TASK TO CARRY OUT: Quote only the lines that start at the line with "12th annual simulcast" and run to the end of the entries; omit the pictures.

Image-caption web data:
»»

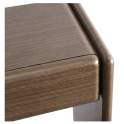 Consola Recibidor Actual Laminado Nogal - Serie Koru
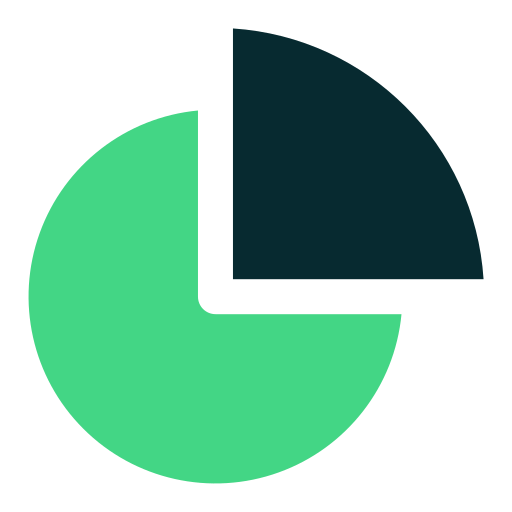 円グラフ Generic Flat icon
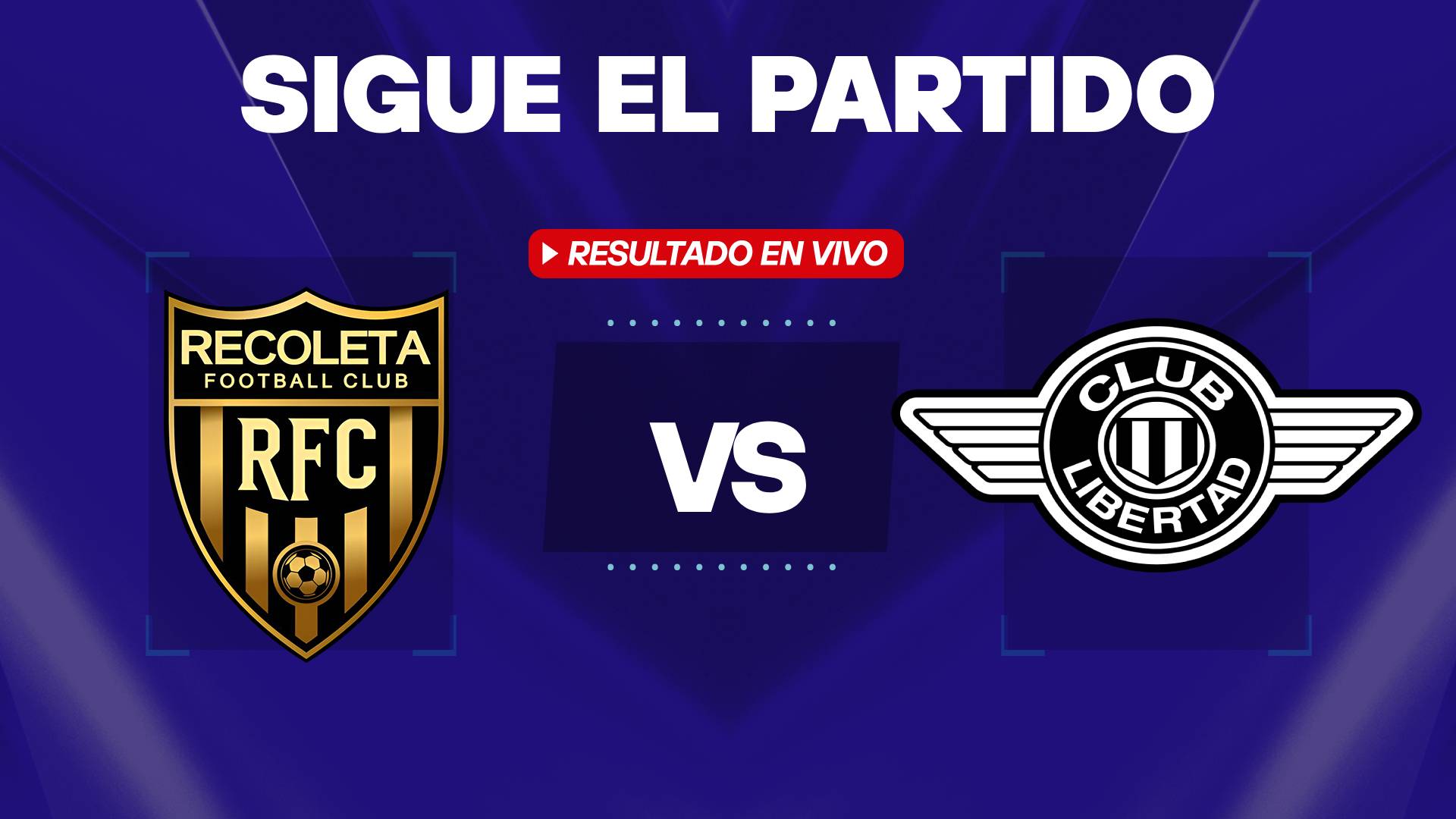 recoleta vs libertad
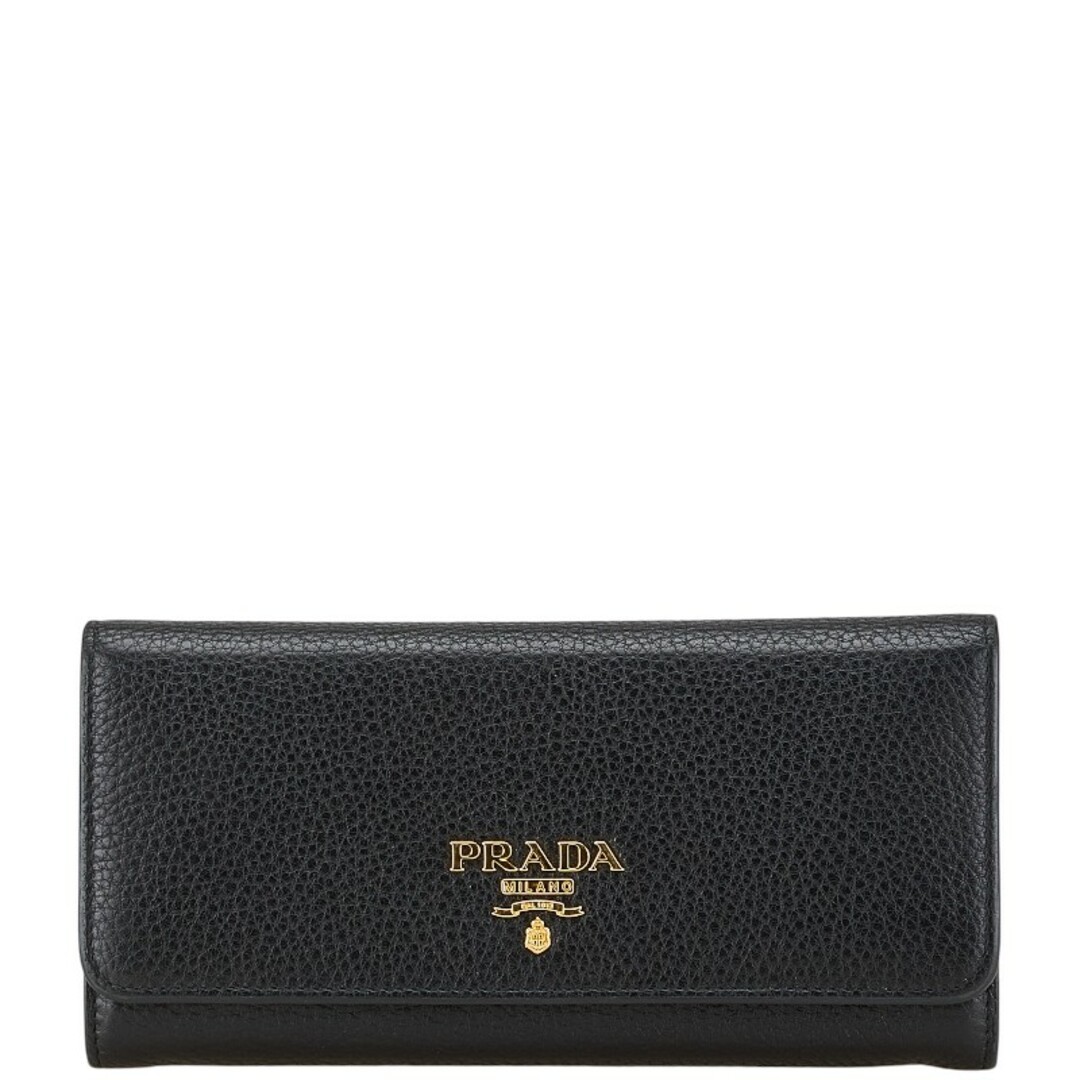 Prada 1MH132 Long Leather Wallet for Women 1-0199928
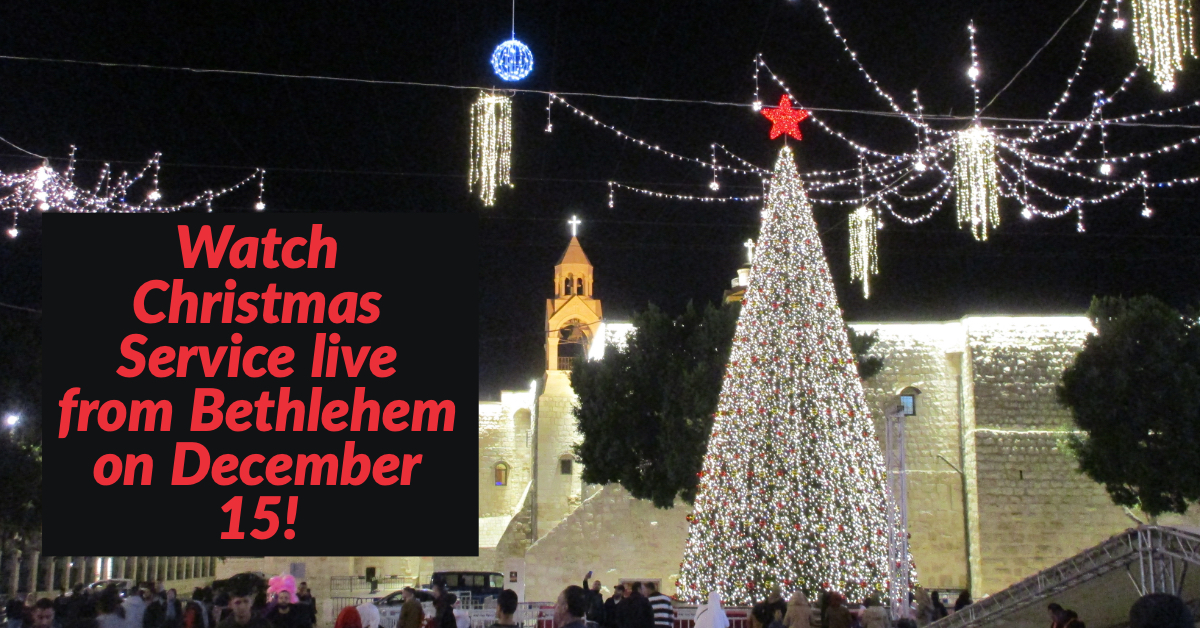 12th annual simulcast Christmas Service with Bethlehem Lutheran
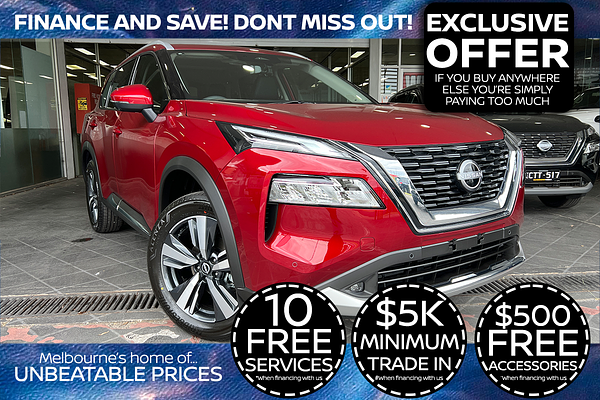 2025 Nissan X-TRAIL Ti T33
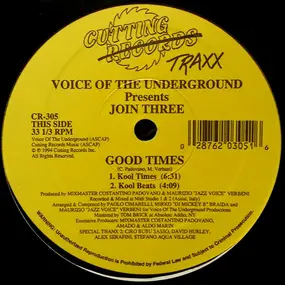 Voice Of The Underground - Good Times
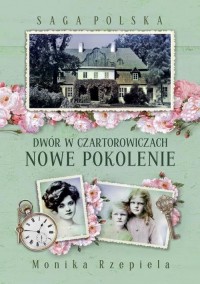 Saga Polska Dwór w Czartorowiczach. - okłakda ebooka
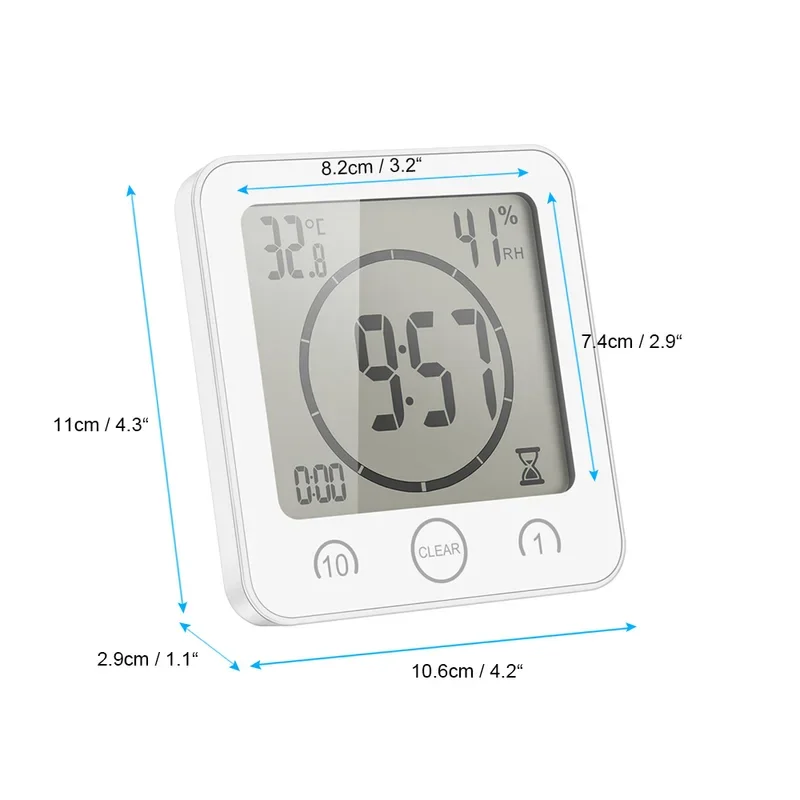 LCD Digital Waterproof For Wat - đánh giá và giá Kitchen Baking Timer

««

SOLUTION TO THE EXERCISE:
 12th annual simulcast Christmas Service with Bethlehem Lutheran
 2025 Nissan X-TRAIL Ti T33
 Voice Of The Underground - Good Times
 Saga Polska Dwór w Czartorowiczach. - okłakda ebooka
 LCD Digital Waterproof For Wat - đánh giá và giá Kitchen Baking Timer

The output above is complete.